--- START ---
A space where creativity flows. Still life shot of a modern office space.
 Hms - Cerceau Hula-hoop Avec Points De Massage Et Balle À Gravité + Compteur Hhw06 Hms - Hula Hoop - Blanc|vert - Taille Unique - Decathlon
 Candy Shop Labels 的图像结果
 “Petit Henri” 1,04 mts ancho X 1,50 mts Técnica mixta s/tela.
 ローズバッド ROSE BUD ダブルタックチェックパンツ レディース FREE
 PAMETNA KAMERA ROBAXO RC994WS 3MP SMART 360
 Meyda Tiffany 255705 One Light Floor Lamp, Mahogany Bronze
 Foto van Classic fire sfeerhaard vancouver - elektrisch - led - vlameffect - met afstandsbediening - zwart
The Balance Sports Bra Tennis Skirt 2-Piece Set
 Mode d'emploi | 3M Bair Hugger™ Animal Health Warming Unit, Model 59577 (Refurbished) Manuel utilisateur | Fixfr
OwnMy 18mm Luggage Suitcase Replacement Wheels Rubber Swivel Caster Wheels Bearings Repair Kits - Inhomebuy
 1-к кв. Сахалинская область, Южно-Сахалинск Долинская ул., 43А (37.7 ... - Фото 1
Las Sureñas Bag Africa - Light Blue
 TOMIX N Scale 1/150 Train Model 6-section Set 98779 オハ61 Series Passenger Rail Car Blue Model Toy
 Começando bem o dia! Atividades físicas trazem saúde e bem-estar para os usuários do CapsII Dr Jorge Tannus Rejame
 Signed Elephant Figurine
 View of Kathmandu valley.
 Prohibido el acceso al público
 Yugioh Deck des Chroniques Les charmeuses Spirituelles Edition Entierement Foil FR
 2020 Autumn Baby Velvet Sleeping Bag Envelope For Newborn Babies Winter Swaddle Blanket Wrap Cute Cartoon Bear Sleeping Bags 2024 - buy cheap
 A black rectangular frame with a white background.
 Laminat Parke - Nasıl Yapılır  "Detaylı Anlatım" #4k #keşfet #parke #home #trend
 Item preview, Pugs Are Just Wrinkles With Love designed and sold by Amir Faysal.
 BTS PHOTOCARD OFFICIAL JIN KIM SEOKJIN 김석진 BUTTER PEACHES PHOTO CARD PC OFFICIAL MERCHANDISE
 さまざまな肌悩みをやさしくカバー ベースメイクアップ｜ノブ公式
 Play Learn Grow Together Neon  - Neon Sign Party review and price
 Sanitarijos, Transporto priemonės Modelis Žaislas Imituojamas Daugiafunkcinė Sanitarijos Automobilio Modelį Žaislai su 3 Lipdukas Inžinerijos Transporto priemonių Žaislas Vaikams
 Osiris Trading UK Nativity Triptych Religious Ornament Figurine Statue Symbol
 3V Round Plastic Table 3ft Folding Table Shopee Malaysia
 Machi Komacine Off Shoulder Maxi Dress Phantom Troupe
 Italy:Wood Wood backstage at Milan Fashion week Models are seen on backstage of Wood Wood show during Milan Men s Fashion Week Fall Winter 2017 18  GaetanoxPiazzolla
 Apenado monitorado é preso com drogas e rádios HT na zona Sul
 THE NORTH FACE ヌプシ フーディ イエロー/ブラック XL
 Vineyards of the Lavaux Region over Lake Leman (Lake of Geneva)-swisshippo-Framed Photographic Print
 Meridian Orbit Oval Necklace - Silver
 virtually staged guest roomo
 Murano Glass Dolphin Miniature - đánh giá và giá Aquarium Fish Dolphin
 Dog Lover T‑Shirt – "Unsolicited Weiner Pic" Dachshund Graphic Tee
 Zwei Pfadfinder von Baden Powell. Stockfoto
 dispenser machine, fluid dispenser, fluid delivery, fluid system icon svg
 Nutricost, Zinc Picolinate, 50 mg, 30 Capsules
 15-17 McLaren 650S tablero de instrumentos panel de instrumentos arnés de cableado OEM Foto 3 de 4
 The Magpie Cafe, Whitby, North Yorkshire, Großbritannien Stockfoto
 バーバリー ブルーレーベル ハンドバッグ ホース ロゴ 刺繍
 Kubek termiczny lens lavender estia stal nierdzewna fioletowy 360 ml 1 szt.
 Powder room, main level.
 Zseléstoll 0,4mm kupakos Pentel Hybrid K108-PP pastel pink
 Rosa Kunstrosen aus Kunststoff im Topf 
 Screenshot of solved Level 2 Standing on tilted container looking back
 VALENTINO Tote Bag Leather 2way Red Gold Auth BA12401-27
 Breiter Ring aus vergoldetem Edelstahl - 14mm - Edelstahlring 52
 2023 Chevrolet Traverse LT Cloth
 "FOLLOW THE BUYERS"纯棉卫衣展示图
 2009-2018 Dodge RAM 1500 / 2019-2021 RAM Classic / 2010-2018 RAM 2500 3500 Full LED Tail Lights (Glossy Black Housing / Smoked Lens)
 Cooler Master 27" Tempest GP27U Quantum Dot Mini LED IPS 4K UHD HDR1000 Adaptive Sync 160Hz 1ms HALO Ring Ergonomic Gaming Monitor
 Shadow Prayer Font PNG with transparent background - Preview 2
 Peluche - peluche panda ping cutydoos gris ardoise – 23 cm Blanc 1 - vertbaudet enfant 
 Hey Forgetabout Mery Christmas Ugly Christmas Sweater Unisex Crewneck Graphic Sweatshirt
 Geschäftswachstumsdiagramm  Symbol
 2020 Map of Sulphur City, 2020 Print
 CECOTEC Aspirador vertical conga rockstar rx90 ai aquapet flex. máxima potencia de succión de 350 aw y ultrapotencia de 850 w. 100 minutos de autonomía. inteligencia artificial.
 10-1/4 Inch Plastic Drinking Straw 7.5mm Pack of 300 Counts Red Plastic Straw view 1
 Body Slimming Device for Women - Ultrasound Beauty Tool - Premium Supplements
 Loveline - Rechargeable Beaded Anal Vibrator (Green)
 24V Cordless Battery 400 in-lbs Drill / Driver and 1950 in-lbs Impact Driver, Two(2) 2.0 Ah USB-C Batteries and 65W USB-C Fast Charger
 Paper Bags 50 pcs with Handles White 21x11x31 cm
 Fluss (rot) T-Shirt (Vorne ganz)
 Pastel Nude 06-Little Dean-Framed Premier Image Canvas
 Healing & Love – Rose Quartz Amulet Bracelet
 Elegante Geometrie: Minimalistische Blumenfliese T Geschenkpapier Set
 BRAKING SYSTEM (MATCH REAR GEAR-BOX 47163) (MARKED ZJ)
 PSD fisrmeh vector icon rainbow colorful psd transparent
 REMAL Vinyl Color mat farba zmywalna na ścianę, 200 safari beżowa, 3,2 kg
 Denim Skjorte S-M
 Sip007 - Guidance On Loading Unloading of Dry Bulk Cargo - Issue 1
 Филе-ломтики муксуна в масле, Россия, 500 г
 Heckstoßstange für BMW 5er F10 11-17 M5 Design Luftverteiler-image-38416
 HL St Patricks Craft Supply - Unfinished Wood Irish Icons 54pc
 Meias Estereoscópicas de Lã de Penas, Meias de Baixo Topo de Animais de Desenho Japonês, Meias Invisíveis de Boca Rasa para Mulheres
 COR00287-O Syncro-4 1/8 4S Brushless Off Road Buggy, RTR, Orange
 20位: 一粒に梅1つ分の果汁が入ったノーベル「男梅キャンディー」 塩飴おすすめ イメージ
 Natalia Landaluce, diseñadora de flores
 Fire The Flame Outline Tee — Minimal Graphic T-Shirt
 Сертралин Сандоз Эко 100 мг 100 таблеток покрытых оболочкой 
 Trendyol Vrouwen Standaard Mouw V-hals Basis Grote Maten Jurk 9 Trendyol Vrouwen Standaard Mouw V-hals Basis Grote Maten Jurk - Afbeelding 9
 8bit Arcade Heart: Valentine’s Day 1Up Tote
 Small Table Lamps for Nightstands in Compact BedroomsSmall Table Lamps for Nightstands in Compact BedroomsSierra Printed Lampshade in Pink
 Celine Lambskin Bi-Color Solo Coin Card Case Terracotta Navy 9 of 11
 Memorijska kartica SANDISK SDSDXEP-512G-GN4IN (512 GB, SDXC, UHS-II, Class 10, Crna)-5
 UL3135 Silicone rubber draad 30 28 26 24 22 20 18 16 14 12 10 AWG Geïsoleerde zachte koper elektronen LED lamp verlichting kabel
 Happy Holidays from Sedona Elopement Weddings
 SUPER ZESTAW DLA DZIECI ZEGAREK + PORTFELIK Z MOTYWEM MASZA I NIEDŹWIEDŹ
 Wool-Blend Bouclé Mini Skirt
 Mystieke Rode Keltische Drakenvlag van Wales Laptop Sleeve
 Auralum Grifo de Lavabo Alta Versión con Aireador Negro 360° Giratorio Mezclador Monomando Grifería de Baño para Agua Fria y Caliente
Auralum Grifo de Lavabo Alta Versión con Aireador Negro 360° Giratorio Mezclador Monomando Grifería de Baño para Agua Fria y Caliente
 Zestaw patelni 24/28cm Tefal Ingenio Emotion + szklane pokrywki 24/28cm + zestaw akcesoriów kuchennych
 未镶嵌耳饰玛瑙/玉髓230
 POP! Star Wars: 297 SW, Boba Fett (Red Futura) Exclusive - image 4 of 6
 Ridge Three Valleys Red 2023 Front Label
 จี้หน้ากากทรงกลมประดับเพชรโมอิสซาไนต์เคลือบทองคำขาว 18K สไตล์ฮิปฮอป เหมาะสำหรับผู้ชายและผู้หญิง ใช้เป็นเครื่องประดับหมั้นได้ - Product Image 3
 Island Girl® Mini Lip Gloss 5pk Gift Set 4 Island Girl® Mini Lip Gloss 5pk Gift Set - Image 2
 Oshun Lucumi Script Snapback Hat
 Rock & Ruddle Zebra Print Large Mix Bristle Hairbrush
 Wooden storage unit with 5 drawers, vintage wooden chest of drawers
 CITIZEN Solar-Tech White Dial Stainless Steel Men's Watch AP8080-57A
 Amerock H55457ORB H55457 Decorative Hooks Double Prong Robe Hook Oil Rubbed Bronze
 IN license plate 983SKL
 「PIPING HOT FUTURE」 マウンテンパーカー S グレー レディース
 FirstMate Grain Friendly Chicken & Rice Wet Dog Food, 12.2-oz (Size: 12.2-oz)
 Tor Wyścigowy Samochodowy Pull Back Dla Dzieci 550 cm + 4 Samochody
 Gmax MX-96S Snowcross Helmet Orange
--- END ---
### To do
Take the lines above from the one containing "Candy Shop Labels 的图像结果" down to the one containing "The Balance Sports", and transcribe them exactly, both ends included.

### Result of this task
 Candy Shop Labels 的图像结果
 “Petit Henri” 1,04 mts ancho X 1,50 mts Técnica mixta s/tela.
 ローズバッド ROSE BUD ダブルタックチェックパンツ レディース FREE
 PAMETNA KAMERA ROBAXO RC994WS 3MP SMART 360
 Meyda Tiffany 255705 One Light Floor Lamp, Mahogany Bronze
 Foto van Classic fire sfeerhaard vancouver - elektrisch - led - vlameffect - met afstandsbediening - zwart
The Balance Sports Bra Tennis Skirt 2-Piece Set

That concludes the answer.